# Thread: [SOLVED] Sum of infinite series

1. ## [SOLVED] Sum of infinite series

Determine whether the given infinite series converges or diverges. If it converges, find its sum.

$\displaystyle \sum_{n=1}^{\infty}\frac{2n}{\sqrt{4n^2+3}}$

Any help is greatly appreciated!

2. Hi

You should try to take $\displaystyle 4n^2$ out of the square root to find the limit of $\displaystyle \frac{2n}{\sqrt{4n^2+3}}$ when $\displaystyle n\to \infty$.

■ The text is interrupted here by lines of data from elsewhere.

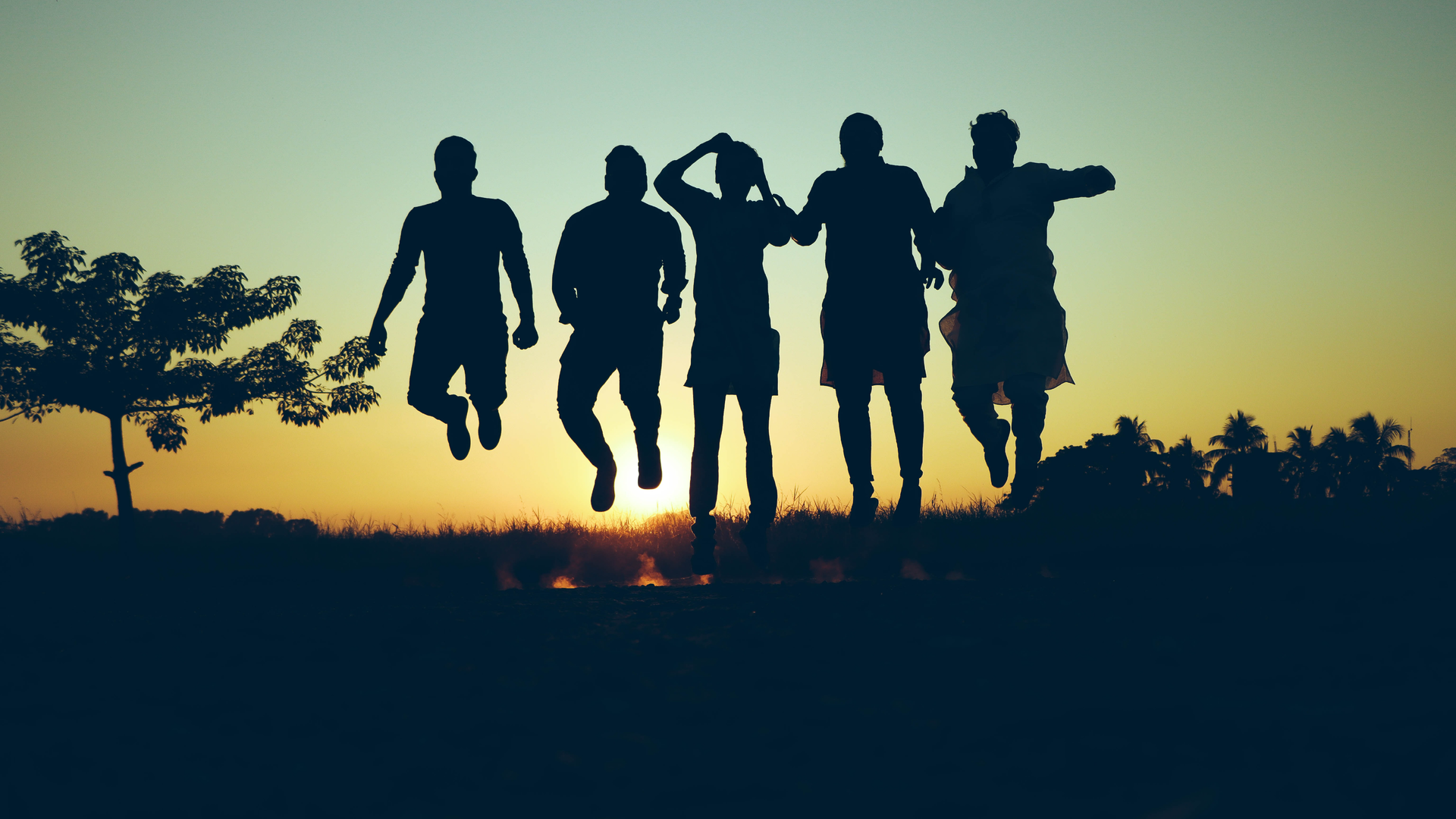 Zdjęcie przedstawia ujęcie pod słońce. Na zdjęciu znajdują się sylwetki pięciu osób. Ujęcie zostało wykonane w momencie gdy wszystkie osoby podskoczyły. Osoby na zdjęciu nie dotykają ziemi.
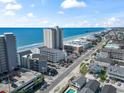 Aerial view of an oceanfront community with multiple buildings, swimming pools, and views of the ocean at 920 N Waccamaw Dr. # 2102, Murrells Inlet, SC 29576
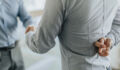 Close up of unrecognizable businessman holding his fingers crossed while shaking hands with his colleague.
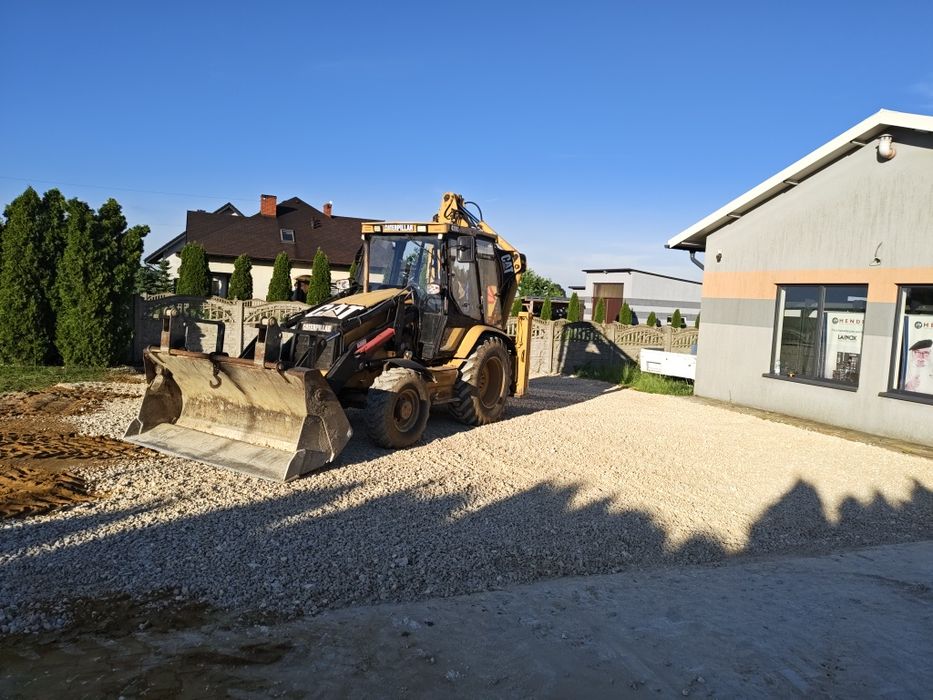 Prace ziemne/Wykopy/Usługi Koparko-ładowarką/Szambo/Wyburzenia/Usługi Brukarskie/ Układanie kostki/ Zakładanie trawników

3. Originally Posted by flyingsquirrel
Hi

You should try to take $\displaystyle 4n^2$ out of the square root to find the limit of $\displaystyle \frac{2n}{\sqrt{4n^2+3}}$ when $\displaystyle n\to \infty$.
How do I take $\displaystyle 4n^2$ out of the square root?

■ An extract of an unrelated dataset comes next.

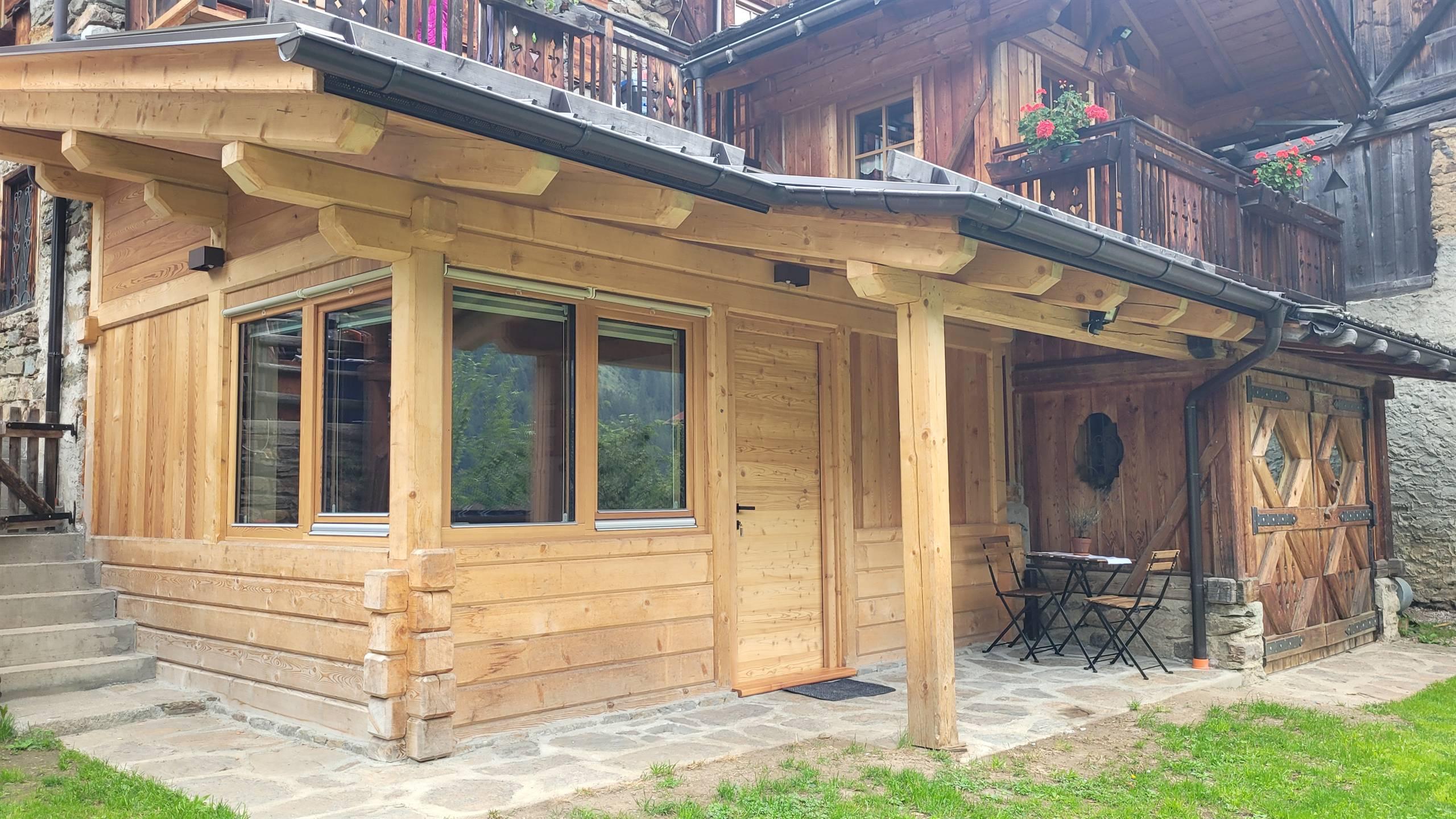 Una casa in legno con finestre ampie, situata in un ambiente montano. Davanti, ci sono due sedie e un tavolino sui ciottoli.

4. You can factor $\displaystyle 4n^2$ : $\displaystyle \sqrt{4n^2+3}=\sqrt{4n^2\left(1+\frac{3}{4n^2}\rig ht)} =\sqrt{4n^2}\sqrt{1+\frac{3}{4n^2}}=\ldots$

5. Originally Posted by flyingsquirrel
You can factor $\displaystyle 4n^2$ : $\displaystyle \sqrt{4n^2+3}=\sqrt{4n^2\left(1+\frac{3}{4n^2}\rig ht)} =\sqrt{4n^2}\sqrt{1+\frac{3}{4n^2}}=\ldots$

I see what I need to do now. Thank you!